## WHAT IS NEEDED
Each entry that follows should be given again word for word; please leave out its pictures.

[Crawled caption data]
=======
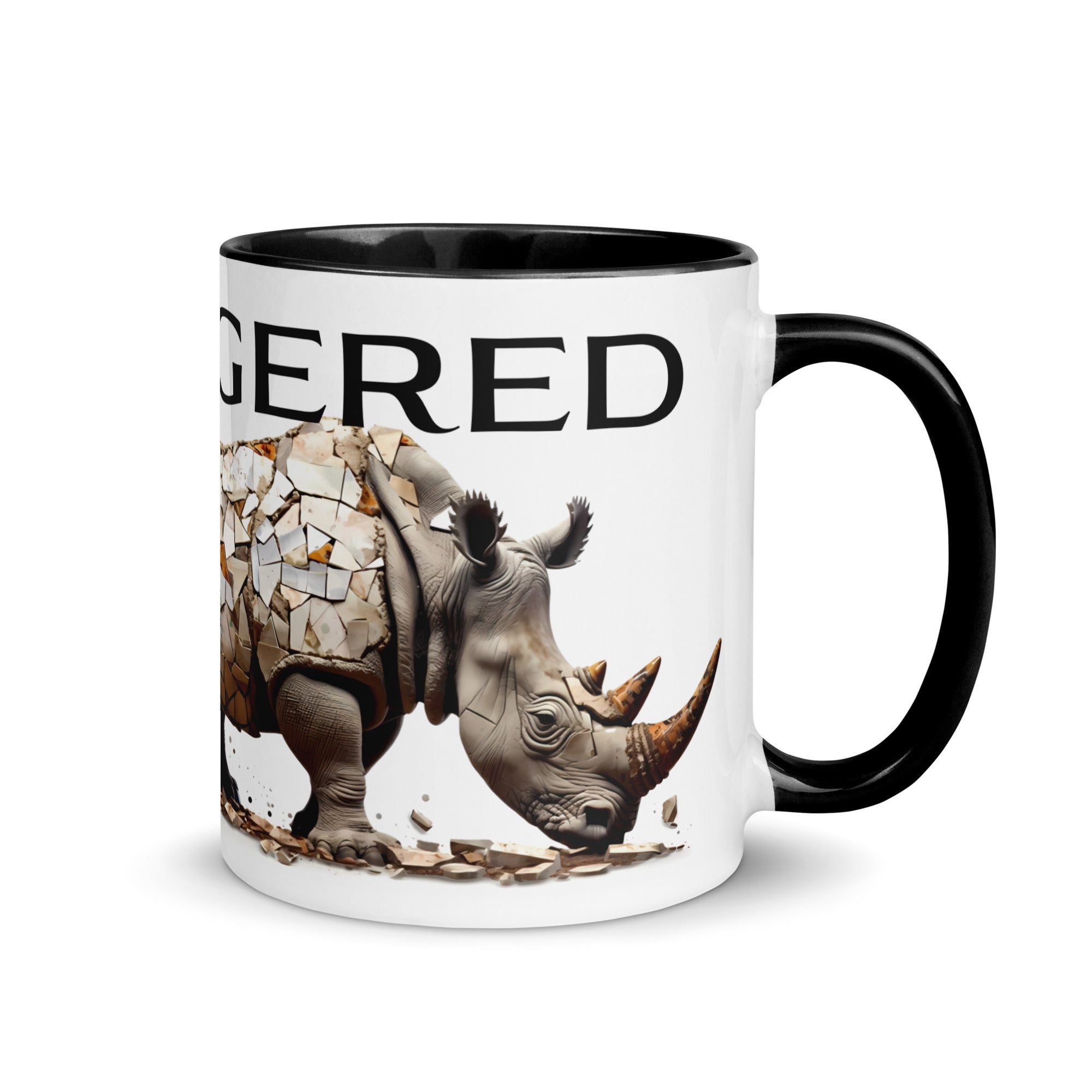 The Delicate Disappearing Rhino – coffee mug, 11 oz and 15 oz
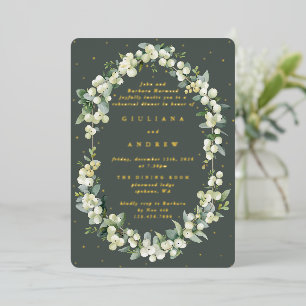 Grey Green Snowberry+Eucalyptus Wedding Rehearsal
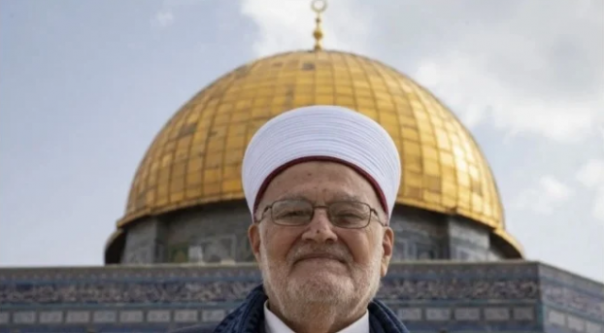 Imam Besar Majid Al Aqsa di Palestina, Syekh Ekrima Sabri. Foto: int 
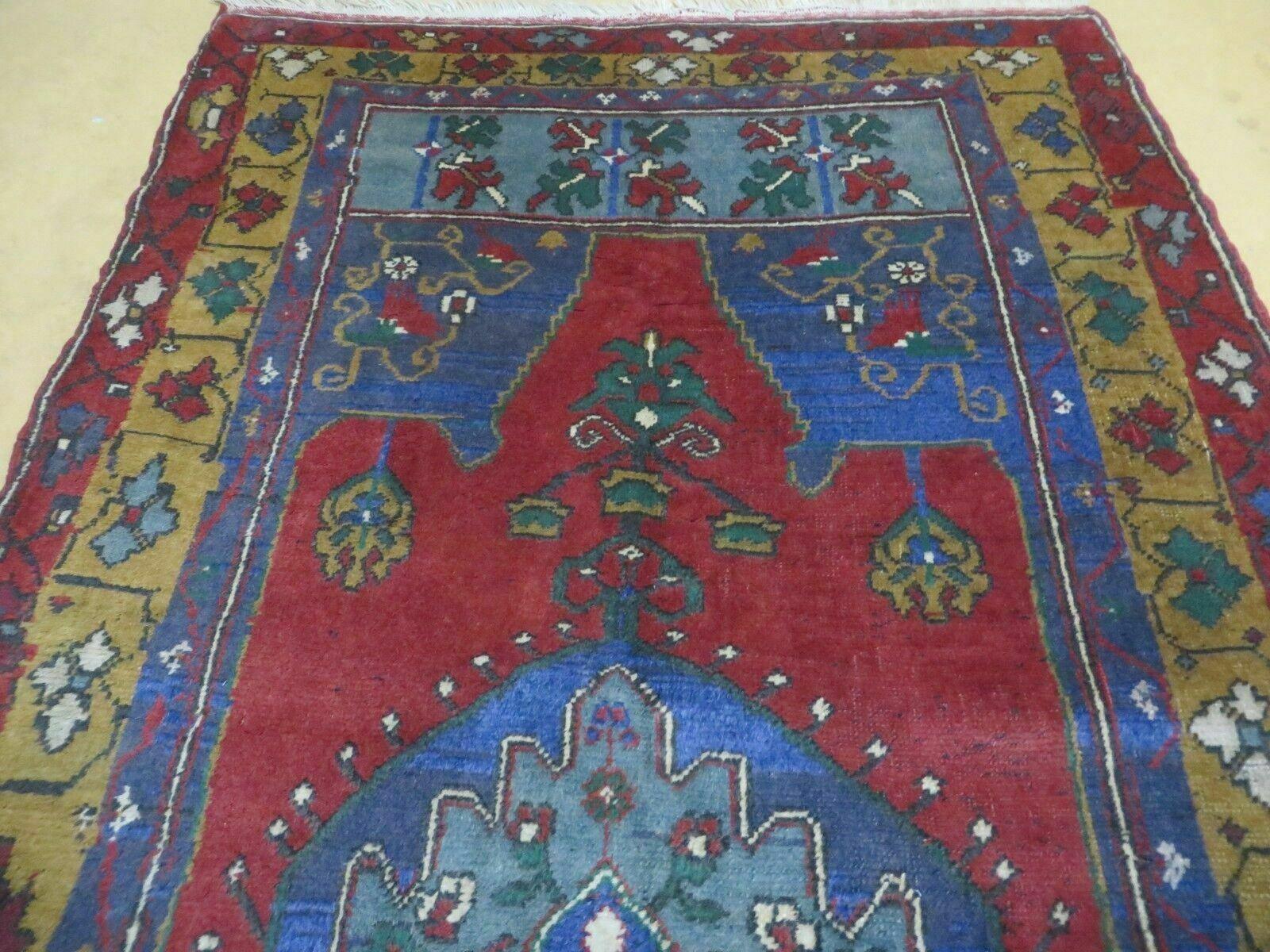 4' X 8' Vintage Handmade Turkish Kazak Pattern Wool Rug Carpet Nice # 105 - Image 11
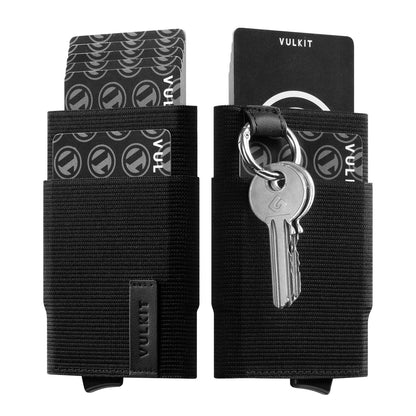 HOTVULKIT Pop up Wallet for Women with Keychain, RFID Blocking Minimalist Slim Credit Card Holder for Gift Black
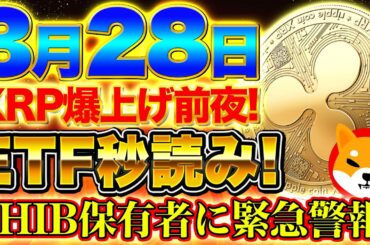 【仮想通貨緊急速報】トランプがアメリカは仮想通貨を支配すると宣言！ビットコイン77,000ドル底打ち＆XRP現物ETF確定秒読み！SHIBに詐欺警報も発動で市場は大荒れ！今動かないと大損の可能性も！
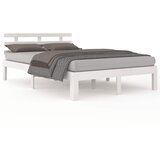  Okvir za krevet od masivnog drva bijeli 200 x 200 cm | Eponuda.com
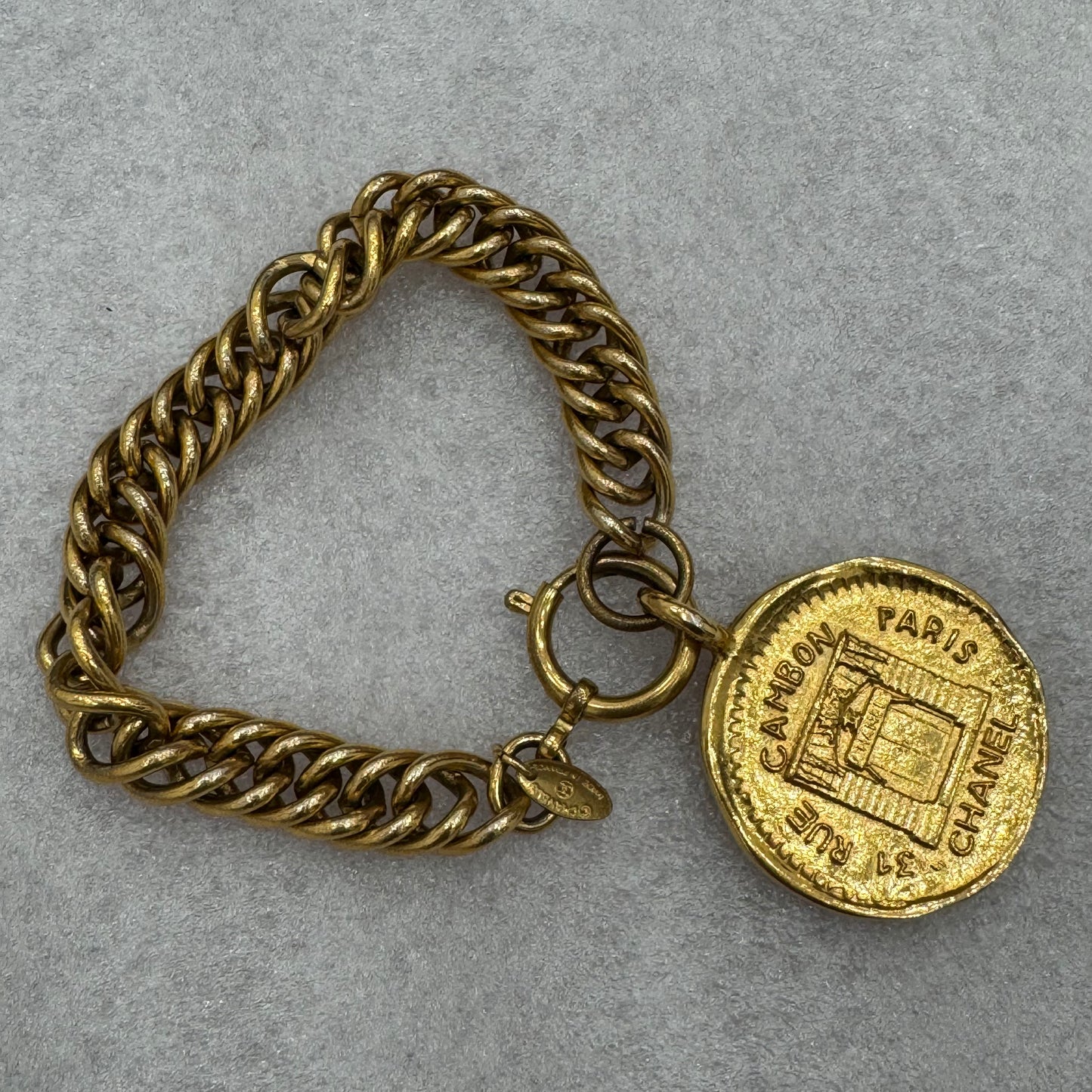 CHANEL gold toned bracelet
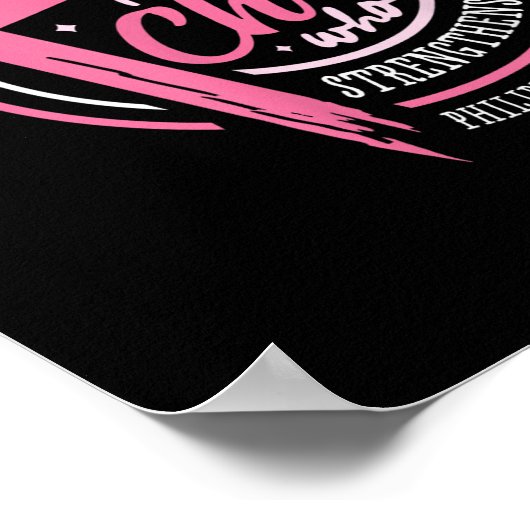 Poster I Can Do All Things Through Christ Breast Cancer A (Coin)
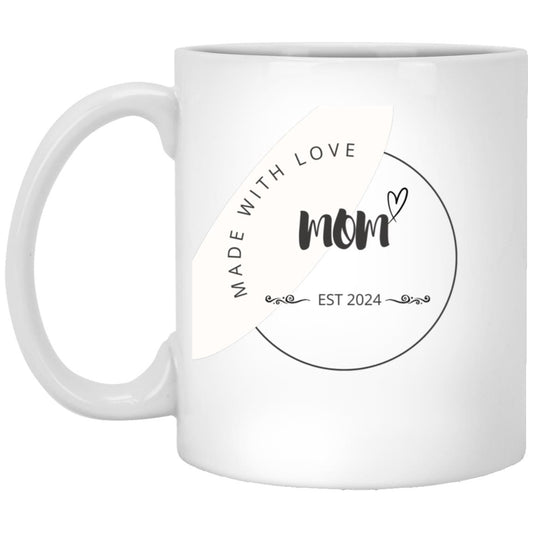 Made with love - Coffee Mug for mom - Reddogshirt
=======
## RESULT
 The Delicate Disappearing Rhino – coffee mug, 11 oz and 15 oz
 Grey Green Snowberry+Eucalyptus Wedding Rehearsal
 Imam Besar Majid Al Aqsa di Palestina, Syekh Ekrima Sabri. Foto: int 
 4' X 8' Vintage Handmade Turkish Kazak Pattern Wool Rug Carpet Nice # 105 - Image 11
 HOTVULKIT Pop up Wallet for Women with Keychain, RFID Blocking Minimalist Slim Credit Card Holder for Gift Black
 【仮想通貨緊急速報】トランプがアメリカは仮想通貨を支配すると宣言！ビットコイン77,000ドル底打ち＆XRP現物ETF確定秒読み！SHIBに詐欺警報も発動で市場は大荒れ！今動かないと大損の可能性も！
  Okvir za krevet od masivnog drva bijeli 200 x 200 cm | Eponuda.com
 CHANEL gold toned bracelet
 Poster I Can Do All Things Through Christ Breast Cancer A (Coin)
 Made with love - Coffee Mug for mom - Reddogshirt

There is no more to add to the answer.